A diary is not like a to-do list. It's not like a calendar, or a note, or a shopping list. Those things have a lifespan of days or weeks. A diary has a lifespan of a lifetime. And that one difference changes everything about how it should be built.
The question nobody asks about diary apps
When people worry about diary apps, the conversation usually goes to privacy: "Can the company read my entries? Are they end-to-end encrypted?" These are fair questions. Most reputable apps will tell you yes, your data is encrypted, and they can't see it.
I actually believe them. That's not what kept me up at night.
What bothered me was a different question: Will I still be able to read my entries in 20 or 30 years?
The real problem: vendor lock-in over a lifetime
Think about the app landscape over the last decade. Services that seemed permanent — Google Reader, Evernote's best years, Day One's original model, countless journaling startups — have shut down, pivoted, been acquired, or changed their terms in ways that stranded users. That's a 10-year window. We're talking about a diary. Something you want to re-read at 50, 60, 70 years old.
The uncomfortable truth is that no company lasts 30 years unchanged. Startups get acquired. Business models shift. Servers get shut down. When that happens, if your diary data lives exclusively on their infrastructure — even if it's beautifully designed, even if it's encrypted — it can simply disappear. Or you get 30 days notice to export before the lights go off.

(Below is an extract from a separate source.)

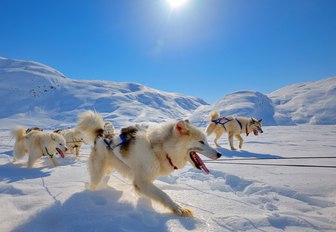 dog sledging on the snowy landscapes of Greenland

That's a catastrophic outcome for something as irreplaceable as a diary. You can't recreate a decade of daily reflections.

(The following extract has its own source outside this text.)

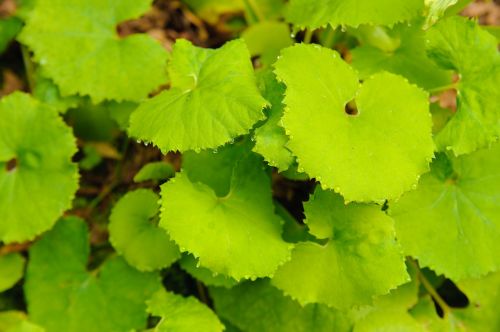 butterbur leaf plant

Why format matters as much as storage
Storing your data locally or in iCloud solves the infrastructure problem — your entries aren't at the mercy of a startup's runway. But that's only half the answer. The other half is format.
Opal stores every entry as a plain .md Markdown file. Not a proprietary database. Not a binary format that only one app can read. Plain text with light formatting — something a human can read in any text editor, on any operating system, with or without any app at all.
Markdown has been around since 2004 and is as close to a universal writing format as exists. Even if Opal stops being maintained tomorrow, even if Apple changes iCloud entirely, your diary entries will still be readable. Open them in Notes. In Obsidian. In VS Code. In any text editor on any computer, now or in 30 years.
The goal isn't just to keep your diary safe from other people reading it. It's to keep it safe from time itself.
What this means for how Opal is built
This philosophy shapes every decision in the app. No proprietary sync format — iCloud Drive handles sync as plain files. No account required — there's nothing to delete or lose access to. No backend servers — there's no company infrastructure that can shut down and take your data with it.
When you write in Opal, your entry is immediately a file. Right now, if you open the Files app on your iPhone, you can see it. Copy it. Email it to yourself. Open it in iA Writer. Back it up to a hard drive. It's already yours in the most literal sense possible — not "yours" as in you agreed to terms of service that say it's yours, but yours as in it's sitting in a folder with your name on it.
What Opal is not trying to be
Opal is deliberately minimal. No streak gamification, no social sharing, no web clipper. Not because those things are bad, but because every added layer of complexity is another potential point of failure over a 30-year horizon.
A diary should be a quiet, permanent place. The simpler the core, the longer it lasts. Any optional features built on top of that core — like AI summaries — are designed with the same privacy principle: your data never leaves your control. That means local models or bring-your-own-key, not a backend that reads your entries on our servers.
Opal is new — and I'm honest about that
I'll be straightforward: Opal is a new app, built by one person. It doesn't have thousands of reviews. There will be rough edges. But the core promise — that your entries are plain Markdown files stored on your own device, readable by any app, forever — is one I can actually keep. It's baked into the architecture, not a policy that can change.
If you've ever worried about what happens to your diary data long-term, I built Opal for you.